K8s: Volumes & Claims — Part1

Sandeep Baldawa
The Startup
Published in
7 min readNov 1, 2020

Kubernetes (K8s) was originally developed as a platform for stateless applications with the idea that persistent data will be stored separately. However, as the project matured, many organizations wanted to also leverage K8s for their stateful applications, so persistent volume management was added.

In this blog post, we will try to understand Persistent Volumes and Claims with examples. The flow we will try to go with is

- Understand the basics of volumes & how to use the same- Ephermeral volumes- Persistent Volumes- How to use the same practically

Why do we need Volumes?

Pods are ephemeral; they come and go frequently. What if you have data that you must keep even if the POD goes down? This requirement means that we need to make the POD and its associated data loosely coupled — essentially, this would allow data to exist independent of any POD. This data is called a Kubernetes Volume, and it helps persist state across multiple PODs. A persistent volume is like an external hard drive; you can plug it in and save your data on it.

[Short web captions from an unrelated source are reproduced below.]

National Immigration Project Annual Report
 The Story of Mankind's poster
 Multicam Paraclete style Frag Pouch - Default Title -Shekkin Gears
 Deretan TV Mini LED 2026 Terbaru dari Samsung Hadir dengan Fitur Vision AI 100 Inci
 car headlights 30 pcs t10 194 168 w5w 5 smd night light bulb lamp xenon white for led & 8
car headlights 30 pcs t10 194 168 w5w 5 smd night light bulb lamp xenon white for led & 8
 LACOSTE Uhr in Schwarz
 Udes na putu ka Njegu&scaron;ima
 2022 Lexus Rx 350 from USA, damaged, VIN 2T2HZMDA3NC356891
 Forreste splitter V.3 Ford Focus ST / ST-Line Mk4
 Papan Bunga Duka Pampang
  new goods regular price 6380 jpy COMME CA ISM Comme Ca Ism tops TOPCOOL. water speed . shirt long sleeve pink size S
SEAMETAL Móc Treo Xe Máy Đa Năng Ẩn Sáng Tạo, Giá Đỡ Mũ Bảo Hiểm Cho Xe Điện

P.S.- The documentation from the K8s official site has more details.

The high-level idea of Kubernetes Volumes

Why another K8s Object?

The first time I tried understanding the concept, I was intrigued by why we needed another object. Why not use the storage provided by your local machine or by any of the cloud providers?

Applications that directly use specific storage systems like Amazon S3, Azure File, Block storage, etc., create an unhealthy dependency. What if you would like to move to another cloud provider, it would be difficult but risky because of the tight coupling between the storage provider and application.

Kubernetes is trying to change this by creating an abstraction called Persistent Volume, allowing cloud-native applications to connect to a wide variety of cloud storage systems without creating an explicit dependency on those systems. This can make the consumption of cloud storage much more seamless and eliminate integration costs. It can also make it much easier to migrate between clouds and adopt multi-cloud strategies.

Supported types of K8s Volumes

Broadly they could be classified based on their life-cycle into two broad categories.

  1. Ephemeral Volumes These are tightly coupled with the Node’s lifetime (e.g., emptyDir or hostPath). They are deleted if the Node goes down.
  2. Persistent Volumes — These are meant for long-term storage and are independent of the Pod/Node life-cycle. These can be cloud volumes (like gcePersistentDisk, awsElasticBlockStore, azureFile or azureDisk, etc.), NFS (Network File Systems), or Persistent Volume Claims (a series of abstraction to connect to the underlying cloud-provided storage volumes)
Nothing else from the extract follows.